§ WORK ITEM
Exactly as they appear below, repeat the lines from the one with "Часы для девочек" through the one with "Luminaria circular LED". Drop every picture.

[DATA SHOWN Boundary: Start]

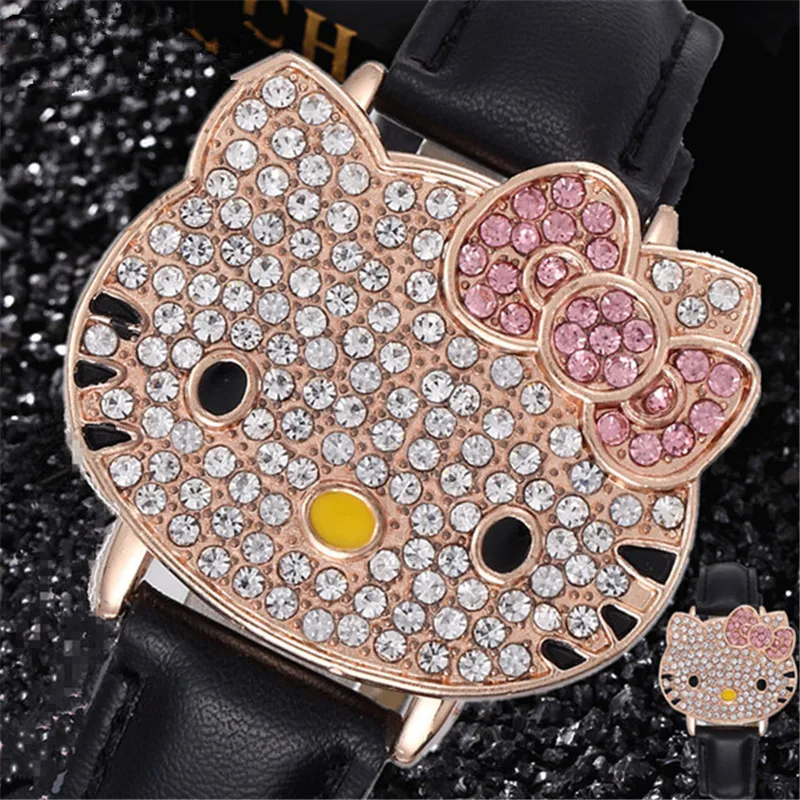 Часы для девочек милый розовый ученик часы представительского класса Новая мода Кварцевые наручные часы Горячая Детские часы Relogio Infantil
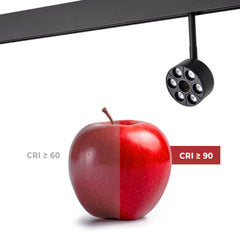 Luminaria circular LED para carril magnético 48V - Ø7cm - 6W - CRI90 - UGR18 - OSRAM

[DATA SHOWN Boundary: End]
[DATA SHOWN Boundary: Start]

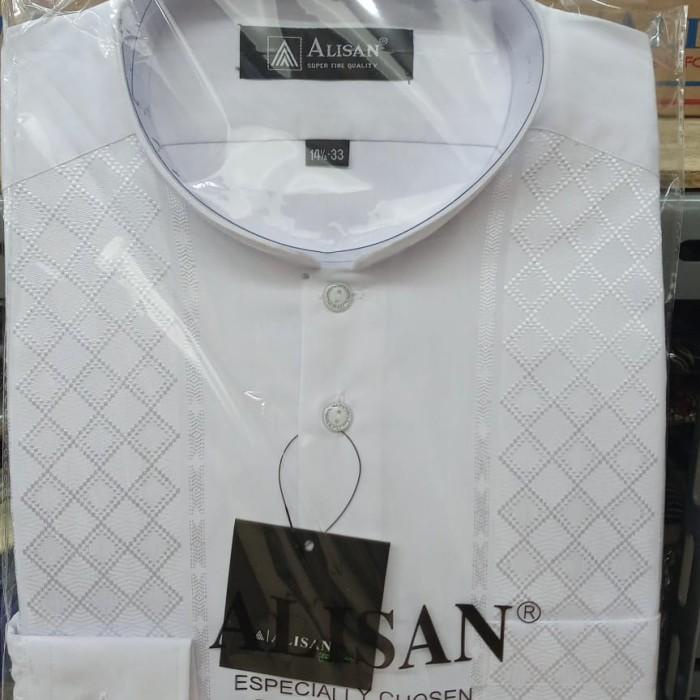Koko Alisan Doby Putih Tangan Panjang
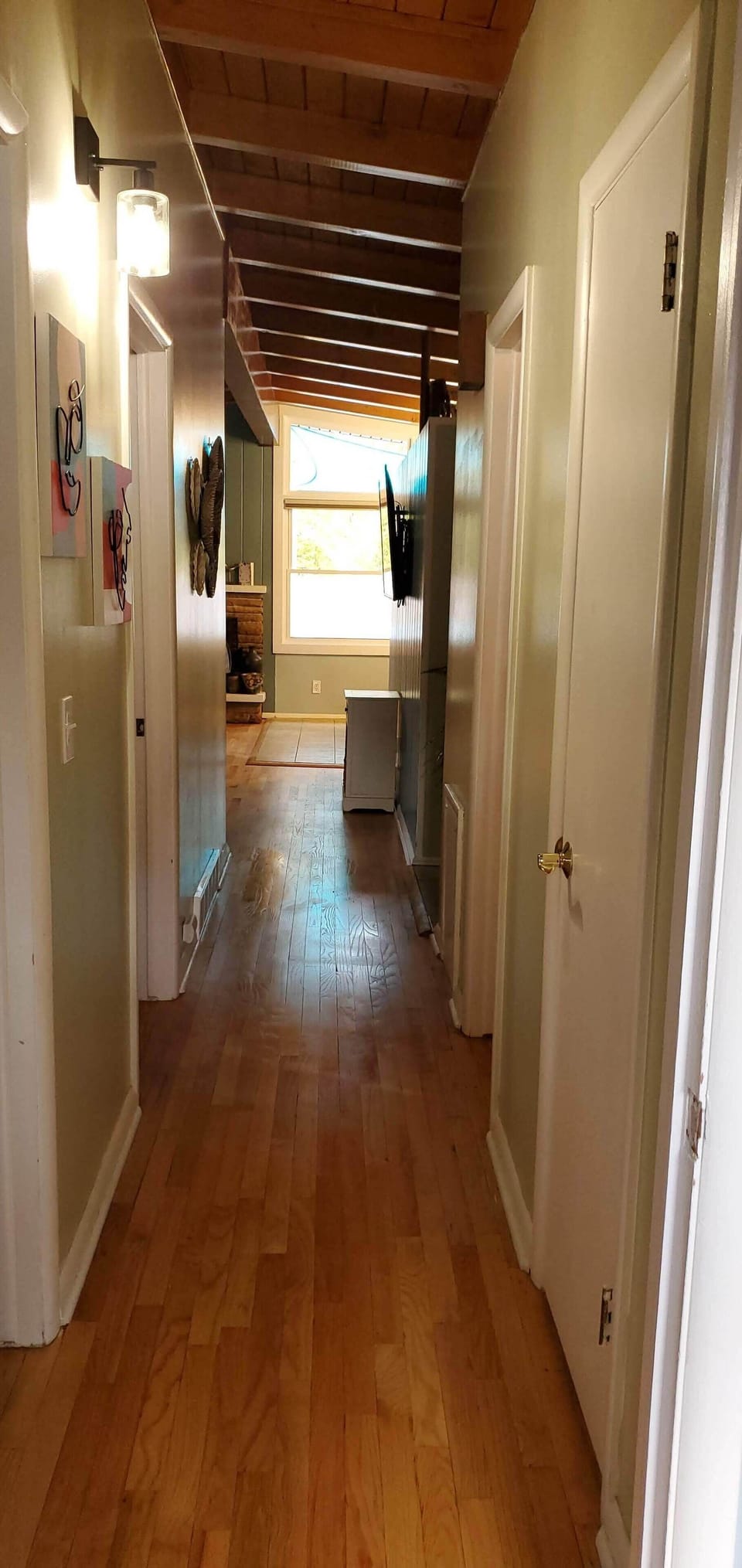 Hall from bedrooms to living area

[DATA SHOWN Boundary: End]
[DATA SHOWN Boundary: Start]

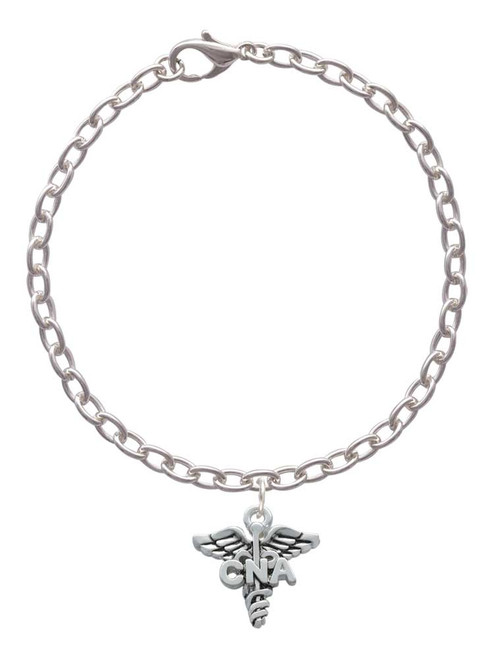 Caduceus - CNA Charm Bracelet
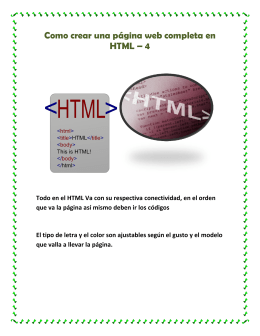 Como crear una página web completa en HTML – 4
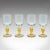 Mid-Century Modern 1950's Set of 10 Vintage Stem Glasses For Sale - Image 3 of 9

[DATA SHOWN Boundary: End]

§ OUTPUT OF THE EXERCISE
 Часы для девочек милый розовый ученик часы представительского класса Новая мода Кварцевые наручные часы Горячая Детские часы Relogio Infantil
 Luminaria circular LED para carril magnético 48V - Ø7cm - 6W - CRI90 - UGR18 - OSRAM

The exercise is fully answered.